▶ RECORDS PROVIDED:

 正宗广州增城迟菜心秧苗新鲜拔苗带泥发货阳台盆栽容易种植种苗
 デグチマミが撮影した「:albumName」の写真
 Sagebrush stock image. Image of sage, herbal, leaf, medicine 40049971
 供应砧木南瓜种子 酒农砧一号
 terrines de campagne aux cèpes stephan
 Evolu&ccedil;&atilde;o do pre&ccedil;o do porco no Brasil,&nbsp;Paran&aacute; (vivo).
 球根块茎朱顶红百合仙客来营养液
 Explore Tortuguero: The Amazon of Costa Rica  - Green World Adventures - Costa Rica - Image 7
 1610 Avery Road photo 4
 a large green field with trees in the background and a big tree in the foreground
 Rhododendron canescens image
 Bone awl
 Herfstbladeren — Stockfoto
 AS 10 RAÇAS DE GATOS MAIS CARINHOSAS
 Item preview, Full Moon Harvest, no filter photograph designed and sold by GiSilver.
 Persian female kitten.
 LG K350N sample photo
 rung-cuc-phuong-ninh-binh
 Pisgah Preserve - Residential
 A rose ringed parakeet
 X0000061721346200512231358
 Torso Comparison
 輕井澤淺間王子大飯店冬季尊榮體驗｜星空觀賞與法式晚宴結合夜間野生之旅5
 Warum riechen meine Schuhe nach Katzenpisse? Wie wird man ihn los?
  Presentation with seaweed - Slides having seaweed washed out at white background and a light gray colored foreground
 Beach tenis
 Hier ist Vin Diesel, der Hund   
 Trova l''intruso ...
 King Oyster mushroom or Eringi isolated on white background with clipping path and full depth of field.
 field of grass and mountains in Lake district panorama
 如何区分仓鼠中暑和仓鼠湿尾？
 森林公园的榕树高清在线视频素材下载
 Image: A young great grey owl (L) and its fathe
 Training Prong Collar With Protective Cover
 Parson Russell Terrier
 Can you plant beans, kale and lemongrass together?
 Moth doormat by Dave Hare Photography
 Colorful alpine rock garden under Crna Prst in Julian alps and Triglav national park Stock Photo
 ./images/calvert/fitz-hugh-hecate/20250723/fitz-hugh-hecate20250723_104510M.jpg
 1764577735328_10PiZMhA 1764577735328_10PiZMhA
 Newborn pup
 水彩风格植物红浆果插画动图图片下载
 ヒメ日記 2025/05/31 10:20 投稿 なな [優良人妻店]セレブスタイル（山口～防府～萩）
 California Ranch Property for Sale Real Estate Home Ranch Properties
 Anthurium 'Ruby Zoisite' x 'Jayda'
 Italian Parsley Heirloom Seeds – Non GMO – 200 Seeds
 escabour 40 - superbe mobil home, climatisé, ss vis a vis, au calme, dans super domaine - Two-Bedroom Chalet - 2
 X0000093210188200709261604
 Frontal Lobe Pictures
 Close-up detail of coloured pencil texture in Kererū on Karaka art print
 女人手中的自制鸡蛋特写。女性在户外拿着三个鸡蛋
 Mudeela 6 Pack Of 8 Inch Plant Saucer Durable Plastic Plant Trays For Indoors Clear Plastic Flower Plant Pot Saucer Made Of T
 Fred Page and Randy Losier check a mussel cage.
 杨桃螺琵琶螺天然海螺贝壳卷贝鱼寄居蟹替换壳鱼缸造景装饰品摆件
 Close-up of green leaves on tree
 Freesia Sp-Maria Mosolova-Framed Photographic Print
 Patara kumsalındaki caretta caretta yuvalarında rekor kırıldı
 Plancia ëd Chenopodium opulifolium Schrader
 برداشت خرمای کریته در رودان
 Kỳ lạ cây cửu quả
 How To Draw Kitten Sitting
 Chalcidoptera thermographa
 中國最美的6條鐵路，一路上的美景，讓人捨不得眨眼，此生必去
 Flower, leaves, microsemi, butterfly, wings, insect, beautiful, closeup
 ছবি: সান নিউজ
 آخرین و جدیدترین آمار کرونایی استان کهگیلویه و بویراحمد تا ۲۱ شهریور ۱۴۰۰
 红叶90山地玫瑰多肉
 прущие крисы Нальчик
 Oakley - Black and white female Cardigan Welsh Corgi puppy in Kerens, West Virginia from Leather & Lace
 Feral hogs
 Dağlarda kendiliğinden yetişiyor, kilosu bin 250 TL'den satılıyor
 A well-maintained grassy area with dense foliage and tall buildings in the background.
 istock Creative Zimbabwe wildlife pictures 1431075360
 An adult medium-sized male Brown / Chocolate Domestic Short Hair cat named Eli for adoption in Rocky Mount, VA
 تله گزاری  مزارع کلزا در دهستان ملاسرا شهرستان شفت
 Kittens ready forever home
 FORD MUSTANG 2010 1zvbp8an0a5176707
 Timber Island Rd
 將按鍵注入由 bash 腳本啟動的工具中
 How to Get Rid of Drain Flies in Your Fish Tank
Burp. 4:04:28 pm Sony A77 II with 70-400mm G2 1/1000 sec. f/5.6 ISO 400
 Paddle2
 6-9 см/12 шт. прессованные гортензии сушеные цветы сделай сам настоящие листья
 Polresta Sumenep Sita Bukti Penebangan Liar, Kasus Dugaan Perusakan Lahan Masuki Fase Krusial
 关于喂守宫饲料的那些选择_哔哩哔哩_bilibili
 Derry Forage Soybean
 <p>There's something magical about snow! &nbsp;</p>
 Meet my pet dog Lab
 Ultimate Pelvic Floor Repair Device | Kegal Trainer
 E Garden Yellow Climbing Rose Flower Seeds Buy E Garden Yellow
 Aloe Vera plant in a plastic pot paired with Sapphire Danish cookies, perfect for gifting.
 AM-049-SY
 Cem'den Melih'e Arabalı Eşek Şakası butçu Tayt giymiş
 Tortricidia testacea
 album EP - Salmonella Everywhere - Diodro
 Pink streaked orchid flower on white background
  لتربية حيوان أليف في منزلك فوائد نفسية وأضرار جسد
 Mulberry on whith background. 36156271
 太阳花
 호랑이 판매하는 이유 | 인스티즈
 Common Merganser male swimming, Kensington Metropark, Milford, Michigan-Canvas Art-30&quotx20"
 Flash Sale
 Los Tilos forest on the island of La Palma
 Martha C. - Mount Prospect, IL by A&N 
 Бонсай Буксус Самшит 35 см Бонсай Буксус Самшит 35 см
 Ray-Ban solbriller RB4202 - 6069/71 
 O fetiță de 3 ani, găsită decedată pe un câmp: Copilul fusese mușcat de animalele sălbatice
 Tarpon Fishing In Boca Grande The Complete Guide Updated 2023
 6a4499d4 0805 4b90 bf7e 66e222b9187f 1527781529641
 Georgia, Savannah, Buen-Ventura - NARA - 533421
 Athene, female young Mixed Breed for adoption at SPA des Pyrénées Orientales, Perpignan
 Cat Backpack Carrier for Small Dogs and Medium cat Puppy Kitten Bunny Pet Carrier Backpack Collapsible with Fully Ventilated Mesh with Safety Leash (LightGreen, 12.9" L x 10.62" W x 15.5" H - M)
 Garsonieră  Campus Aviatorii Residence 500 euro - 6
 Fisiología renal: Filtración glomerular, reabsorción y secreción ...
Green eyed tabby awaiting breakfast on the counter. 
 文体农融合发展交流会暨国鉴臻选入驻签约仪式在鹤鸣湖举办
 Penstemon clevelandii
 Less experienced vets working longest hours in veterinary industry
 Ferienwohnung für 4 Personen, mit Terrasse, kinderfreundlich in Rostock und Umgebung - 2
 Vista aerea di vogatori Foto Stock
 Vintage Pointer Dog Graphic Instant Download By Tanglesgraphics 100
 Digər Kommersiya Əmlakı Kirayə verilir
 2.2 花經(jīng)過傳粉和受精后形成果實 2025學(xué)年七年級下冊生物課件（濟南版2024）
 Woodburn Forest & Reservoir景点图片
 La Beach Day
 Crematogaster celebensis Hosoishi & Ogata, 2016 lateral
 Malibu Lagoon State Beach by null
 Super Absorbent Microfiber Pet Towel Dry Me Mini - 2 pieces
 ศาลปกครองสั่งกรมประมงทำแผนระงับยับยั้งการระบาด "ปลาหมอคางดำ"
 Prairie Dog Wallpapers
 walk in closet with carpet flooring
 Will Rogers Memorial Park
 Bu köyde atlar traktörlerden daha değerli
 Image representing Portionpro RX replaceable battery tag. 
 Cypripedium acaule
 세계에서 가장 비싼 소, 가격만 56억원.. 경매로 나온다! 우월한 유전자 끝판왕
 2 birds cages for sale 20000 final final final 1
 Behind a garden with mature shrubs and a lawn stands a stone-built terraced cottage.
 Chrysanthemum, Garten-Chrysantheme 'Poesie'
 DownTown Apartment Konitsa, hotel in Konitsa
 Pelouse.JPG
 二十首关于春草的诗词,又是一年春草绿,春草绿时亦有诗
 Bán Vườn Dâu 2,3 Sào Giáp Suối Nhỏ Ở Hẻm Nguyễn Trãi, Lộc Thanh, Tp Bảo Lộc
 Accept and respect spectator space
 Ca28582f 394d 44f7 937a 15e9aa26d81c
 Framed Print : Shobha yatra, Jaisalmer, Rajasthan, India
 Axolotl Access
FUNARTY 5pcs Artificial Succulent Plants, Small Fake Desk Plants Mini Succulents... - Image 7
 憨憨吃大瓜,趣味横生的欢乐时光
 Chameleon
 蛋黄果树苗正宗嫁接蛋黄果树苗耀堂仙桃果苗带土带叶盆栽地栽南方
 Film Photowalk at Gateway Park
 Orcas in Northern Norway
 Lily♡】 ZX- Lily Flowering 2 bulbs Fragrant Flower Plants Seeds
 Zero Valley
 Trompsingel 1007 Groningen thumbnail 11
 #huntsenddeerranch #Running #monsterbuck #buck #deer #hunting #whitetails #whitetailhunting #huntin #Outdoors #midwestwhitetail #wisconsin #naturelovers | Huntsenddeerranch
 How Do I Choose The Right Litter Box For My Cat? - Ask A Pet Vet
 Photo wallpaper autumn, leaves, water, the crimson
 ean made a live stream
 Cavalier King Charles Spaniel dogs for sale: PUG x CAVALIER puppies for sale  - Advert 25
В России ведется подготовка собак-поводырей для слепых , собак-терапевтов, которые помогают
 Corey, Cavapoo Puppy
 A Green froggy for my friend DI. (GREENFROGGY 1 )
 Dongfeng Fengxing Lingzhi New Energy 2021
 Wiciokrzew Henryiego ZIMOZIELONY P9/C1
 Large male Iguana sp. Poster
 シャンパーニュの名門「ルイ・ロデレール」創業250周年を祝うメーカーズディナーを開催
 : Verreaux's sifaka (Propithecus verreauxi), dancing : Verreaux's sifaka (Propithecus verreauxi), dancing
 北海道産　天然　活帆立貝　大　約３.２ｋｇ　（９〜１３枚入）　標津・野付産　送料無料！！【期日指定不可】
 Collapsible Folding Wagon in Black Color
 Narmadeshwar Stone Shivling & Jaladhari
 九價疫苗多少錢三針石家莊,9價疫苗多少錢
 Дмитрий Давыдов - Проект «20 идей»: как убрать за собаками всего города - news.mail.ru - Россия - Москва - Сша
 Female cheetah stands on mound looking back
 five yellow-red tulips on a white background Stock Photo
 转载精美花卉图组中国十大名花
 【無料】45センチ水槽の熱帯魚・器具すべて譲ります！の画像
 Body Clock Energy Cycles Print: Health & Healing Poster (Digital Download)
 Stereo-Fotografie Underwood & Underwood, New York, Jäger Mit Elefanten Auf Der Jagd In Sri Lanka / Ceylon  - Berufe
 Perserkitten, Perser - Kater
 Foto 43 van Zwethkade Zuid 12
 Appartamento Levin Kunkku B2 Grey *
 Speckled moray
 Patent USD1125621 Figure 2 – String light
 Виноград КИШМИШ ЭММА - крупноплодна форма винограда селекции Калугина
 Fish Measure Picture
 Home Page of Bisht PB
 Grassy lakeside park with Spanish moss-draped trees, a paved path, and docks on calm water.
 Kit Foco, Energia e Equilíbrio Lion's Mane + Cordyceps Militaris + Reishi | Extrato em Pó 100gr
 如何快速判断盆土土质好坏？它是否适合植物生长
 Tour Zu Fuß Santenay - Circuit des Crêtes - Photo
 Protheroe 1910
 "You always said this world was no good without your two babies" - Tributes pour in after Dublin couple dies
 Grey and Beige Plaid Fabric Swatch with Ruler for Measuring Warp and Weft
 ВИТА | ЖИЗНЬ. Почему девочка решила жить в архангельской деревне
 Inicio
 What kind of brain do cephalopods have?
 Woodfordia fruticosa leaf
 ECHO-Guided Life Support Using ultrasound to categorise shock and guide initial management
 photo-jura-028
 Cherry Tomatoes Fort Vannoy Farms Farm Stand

▶ INSTRUCTIONS FOR THE TASK: The first line of the data, the line with "Trova l''intruso ...", and all lines in between are to be copied exactly. Leave out everything else.

▶ COMPLETED EXERCISE:
 正宗广州增城迟菜心秧苗新鲜拔苗带泥发货阳台盆栽容易种植种苗
 デグチマミが撮影した「:albumName」の写真
 Sagebrush stock image. Image of sage, herbal, leaf, medicine 40049971
 供应砧木南瓜种子 酒农砧一号
 terrines de campagne aux cèpes stephan
 Evolu&ccedil;&atilde;o do pre&ccedil;o do porco no Brasil,&nbsp;Paran&aacute; (vivo).
 球根块茎朱顶红百合仙客来营养液
 Explore Tortuguero: The Amazon of Costa Rica  - Green World Adventures - Costa Rica - Image 7
 1610 Avery Road photo 4
 a large green field with trees in the background and a big tree in the foreground
 Rhododendron canescens image
 Bone awl
 Herfstbladeren — Stockfoto
 AS 10 RAÇAS DE GATOS MAIS CARINHOSAS
 Item preview, Full Moon Harvest, no filter photograph designed and sold by GiSilver.
 Persian female kitten.
 LG K350N sample photo
 rung-cuc-phuong-ninh-binh
 Pisgah Preserve - Residential
 A rose ringed parakeet
 X0000061721346200512231358
 Torso Comparison
 輕井澤淺間王子大飯店冬季尊榮體驗｜星空觀賞與法式晚宴結合夜間野生之旅5
 Warum riechen meine Schuhe nach Katzenpisse? Wie wird man ihn los?
  Presentation with seaweed - Slides having seaweed washed out at white background and a light gray colored foreground
 Beach tenis
 Hier ist Vin Diesel, der Hund   
 Trova l''intruso ...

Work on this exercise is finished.